Active Aging: Read for Brain Health

woman in library resized 600Often when we think or talk about having good health, it consists of eating healthy foods and exercising. There are many areas of our lives that we could improve upon health wise—often it seems like there is so much to work on to keep track. However, one segment of health that seems to go by the way side is mental health. Just as muscles lose strength or cardiovascular fitness declines with age, your brain can lose agility and decline in the way that it functions. There is no one way to prevent degenerative diseases of the brain such as Alzheimer’s, but you can start today with the way you live your life to help make your brain healthier. Here are a few tips for great brain health:

  • Stay physically active – being active maintains good blood flow to the brain and can encourage new brain cells.
  • Adopt a brain-healthy diet – there has been research done that high cholesterol can contribute to brain cell damage and stroke. A healthy diet that is low in fat and cholesterol is desirable along with dark vegetables and fruits with antioxidants which can help protect brain cells.
  • Stay socially active – this can help reduce stress levels and maintain healthy connections among brain cells.
  • Stay mentally active – new nerve cells can be created by getting involved in mentally stimulating activities; this can also strengthen brain cells.

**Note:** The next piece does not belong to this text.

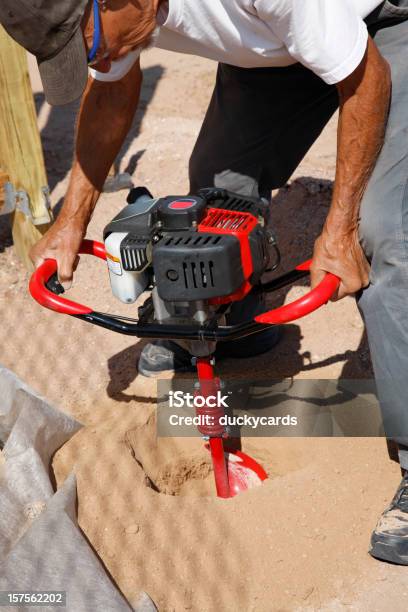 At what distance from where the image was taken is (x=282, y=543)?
220cm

I want you to focus on the mental component of staying healthy and giving you ways improve your mind game. Try any of these easy ways to fit more mental activity into your daily routine:

  • Never stop learning! Maybe you wanted to take up doing a new hobby or even wanted venture out and do a new sport, commit to it and learn about your new adventure.
  • Take up writing and working on crossword puzzles to keep you mentally stimulated.
  • Enroll in a few college courses to keep mentally active in a structured way.
  • Play games with your friends and family.
  • Even try memory exercises or games that can help with your mind game!
  • Lastly, read books that are interesting to you. Who wants to read a boring book just to mark it off of your list? Head to the library and pick up a book for FREE!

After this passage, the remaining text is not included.